Obama's proposal looks like a reasonable mix of measures, but apparently does not include any demonstration project for making entirely artificial vehicle fuels (distinct from biofuels) using non-fossil raw materials and non-fossil energy sources. To find one such proposal google "green freedom gasoline". We need such things to make use of the trillions of dollars worth of existing vehicles and distribution infrastructure, and because there will never be enough raw material for biofuels alone.

"The point is the ups and downs in gas prices historically have tended to be temporary. But when you look at the long-term trends, there are going to be more ups in gas prices than downs in gas prices. And that’s because you’ve got countries like India and China that are growing at a rapid clip, and as 2 billion more people start consuming more goods -- they want cars just like we’ve got cars; they want to use energy to make their lives a little easier just like we’ve got -- it is absolutely certain that demand will go up a lot faster than supply. It’s just a fact."

http://www.whitehouse.gov/the-press-office/2011/03/30/remarks-president-americas-energy-security

The million barrel per day of locally produced corn ethanol is extremely costly to USA and most countries because it is responsible for doubling and tripling grain prices together with a 50% + increase in worldwide food prices.

If the next million barrel/day has the same effect, be prepared for more unrest and collective discontent in many more countries and in some parts of USA and EU.

No actualy what causes food prices to spike is that food had been subbed like freaking hell.. but alot of that was fuel subs and when oil got too spendy the subs couldnt keep the fuel costs low anymore.
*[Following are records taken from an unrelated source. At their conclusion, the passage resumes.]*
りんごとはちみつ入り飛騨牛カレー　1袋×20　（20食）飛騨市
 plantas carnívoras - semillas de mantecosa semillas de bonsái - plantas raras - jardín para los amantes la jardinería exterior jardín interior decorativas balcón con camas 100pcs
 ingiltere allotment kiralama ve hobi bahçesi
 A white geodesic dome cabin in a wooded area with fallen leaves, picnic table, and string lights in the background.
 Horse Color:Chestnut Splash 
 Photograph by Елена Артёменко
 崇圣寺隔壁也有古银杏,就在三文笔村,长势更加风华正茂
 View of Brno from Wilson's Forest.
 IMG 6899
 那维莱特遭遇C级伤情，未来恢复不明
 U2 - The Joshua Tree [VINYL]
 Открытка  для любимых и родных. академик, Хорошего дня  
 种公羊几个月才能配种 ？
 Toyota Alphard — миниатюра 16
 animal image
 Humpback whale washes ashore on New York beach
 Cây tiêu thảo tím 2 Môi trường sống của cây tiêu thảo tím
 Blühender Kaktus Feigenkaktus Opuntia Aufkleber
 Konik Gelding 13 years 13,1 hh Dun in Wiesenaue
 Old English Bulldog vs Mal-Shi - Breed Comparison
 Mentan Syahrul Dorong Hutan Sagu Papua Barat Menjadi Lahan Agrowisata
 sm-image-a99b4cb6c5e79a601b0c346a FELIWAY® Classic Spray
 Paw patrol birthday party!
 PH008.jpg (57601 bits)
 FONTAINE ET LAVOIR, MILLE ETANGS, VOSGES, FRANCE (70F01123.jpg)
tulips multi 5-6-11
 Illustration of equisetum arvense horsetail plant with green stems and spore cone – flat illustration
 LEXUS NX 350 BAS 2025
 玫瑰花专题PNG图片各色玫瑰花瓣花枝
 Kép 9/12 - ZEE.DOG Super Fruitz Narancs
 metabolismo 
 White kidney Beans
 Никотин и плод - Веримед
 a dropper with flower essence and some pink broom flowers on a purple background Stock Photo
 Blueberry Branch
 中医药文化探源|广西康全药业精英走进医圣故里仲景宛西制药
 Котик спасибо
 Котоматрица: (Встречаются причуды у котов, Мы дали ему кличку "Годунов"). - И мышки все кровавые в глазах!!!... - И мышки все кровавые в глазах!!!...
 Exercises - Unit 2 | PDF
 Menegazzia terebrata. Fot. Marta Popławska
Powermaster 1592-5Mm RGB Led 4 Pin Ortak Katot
This combined with shipping costs going up is what causes food to rise.

As for the world getting pissed at high food costs.. tough bleep. Its gona spike again as oil starts to spike.

The recent rise in corn prices had more to do with speculation than ethanol.

Henrik,
This is mainstreem thinking of last decade. But the point is that this thinking was O.K. with oil price $19. With $100 we are captive customers and is to demaging for world economy especialy within present circumstances.

It is not like the world could not see prices rising the last 30 years. The only thing I can conclude is that no one was going to do anything about it until they had to.

Any goal that is beyond the presidents current and potential next term is somewhat hollow. It would depend on us having an agreed upon long term energy policy. However, agreement doesn't rile up the masses and doesn't get a person elected, and with the connections and experience you get from being a member of the house or senate, a congresspersons own personal enrichment depends on getting elected. So they push forward divisiveness, get the people riled up, get elected, and make lots of money. Saaaawweeeet!! And you thought they really cared about that social agenda.